Myth 4: Pick one channel and use it

Many people choose this option because they want to focus their energy on the one channel that they see conversions from. Some businesses, for example, only use Facebook because that’s where people engage them. Or they only use Instagram, because that’s where people find them. They might only use YouTube because they want to educate people and build a community. 

All great options. But what happens when the YouTube bubble finally pops? Or when Facebook starts to become less popular with a whole demographic (like it is now among Millenials)? Or when Instagram gets shuttered by their parent company Facebook?

Diversifying your marketing is the only way to secure your future and not waste your efforts. Accepting that each of these platforms actually has a different purpose to your marketing is why you want to produce content for more than one or all of them.

YouTube

1.8 Billion users every month. (Business Insider) It’s also one of the largest search engines on the internet and just happens to be run by Google. Yes. YouTube is a search engine. That means that for years after you’ve posted your content Youtube indexes it, suggests it, shares it, and hosts it. Your tags, headlines, and categories keep building SEO and link strength. 

YouTube is a great platform to engage and educate your audience for years. It’s fantastic for lasting content that can continue to be referenced by your community, be used to build your brand. YouTube is best built as a long-term and lasting marketing tool.

Demographics tend to be people of all ages and background. You need to be on YouTube.

Instagram

Around 1 Billion active users (The Verge). Instagram is a photo and video social platform with powerful hashtag and discovery tools. Limited to 1-minute videos, it requires quick delivery. It’s still highly popular for finding businesses.
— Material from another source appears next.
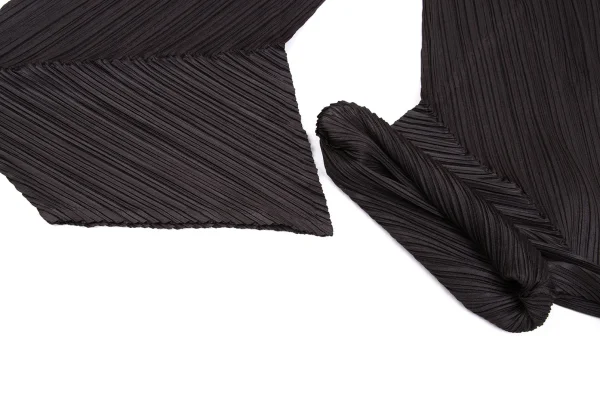 PLEATS PLEASE CHILI PEPPERS Zigzag Switching Pants K-163133_006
The new “Follow a hashtag” feature also means people will be alerted to posts like yours and potentially find your video. 

However, unlike YouTube, it’s is not a possible evergreen funnel, as Instagram tends to recommend only recent posts in their algorithms. It is a way to be found by new sources, and people tend to be more engaging in comments and DMs on this platform. 

Instagram is used to be found, to be relevant, and to engage with your community day by day. You also need to be on Instagram.

Facebook

1.52 Billion people online daily. Facebook is synonymous with a website for many potential buyers. A Facebook page doesn’t even have to have a lot of followers. It just needs to present an image of a “thriving” business. It’s not unheard of for potential customers to check out your website and Facebook when they are considering buying from you.

Putting This All Together

YouTube is long-term and should be used to educate your community, rather than a direct selling tool. Youtube is you as a company. 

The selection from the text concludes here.